Reproduce every record below exactly as it appears.

*-*-*

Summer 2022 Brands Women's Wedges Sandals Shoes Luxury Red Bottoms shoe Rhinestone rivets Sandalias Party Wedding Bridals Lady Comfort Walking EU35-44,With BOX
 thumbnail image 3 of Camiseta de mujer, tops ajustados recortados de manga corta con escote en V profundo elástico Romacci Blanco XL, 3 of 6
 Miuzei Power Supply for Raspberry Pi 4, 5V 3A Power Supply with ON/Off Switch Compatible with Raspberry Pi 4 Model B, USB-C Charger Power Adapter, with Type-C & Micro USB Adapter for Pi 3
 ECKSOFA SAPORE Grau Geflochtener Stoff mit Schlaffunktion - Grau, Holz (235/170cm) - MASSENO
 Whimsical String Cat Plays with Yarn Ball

*-*-*

- [ANSWER TO THE EXERCISE]
Summer 2022 Brands Women's Wedges Sandals Shoes Luxury Red Bottoms shoe Rhinestone rivets Sandalias Party Wedding Bridals Lady Comfort Walking EU35-44,With BOX
 thumbnail image 3 of Camiseta de mujer, tops ajustados recortados de manga corta con escote en V profundo elástico Romacci Blanco XL, 3 of 6
 Miuzei Power Supply for Raspberry Pi 4, 5V 3A Power Supply with ON/Off Switch Compatible with Raspberry Pi 4 Model B, USB-C Charger Power Adapter, with Type-C & Micro USB Adapter for Pi 3
 ECKSOFA SAPORE Grau Geflochtener Stoff mit Schlaffunktion - Grau, Holz (235/170cm) - MASSENO
 Whimsical String Cat Plays with Yarn Ball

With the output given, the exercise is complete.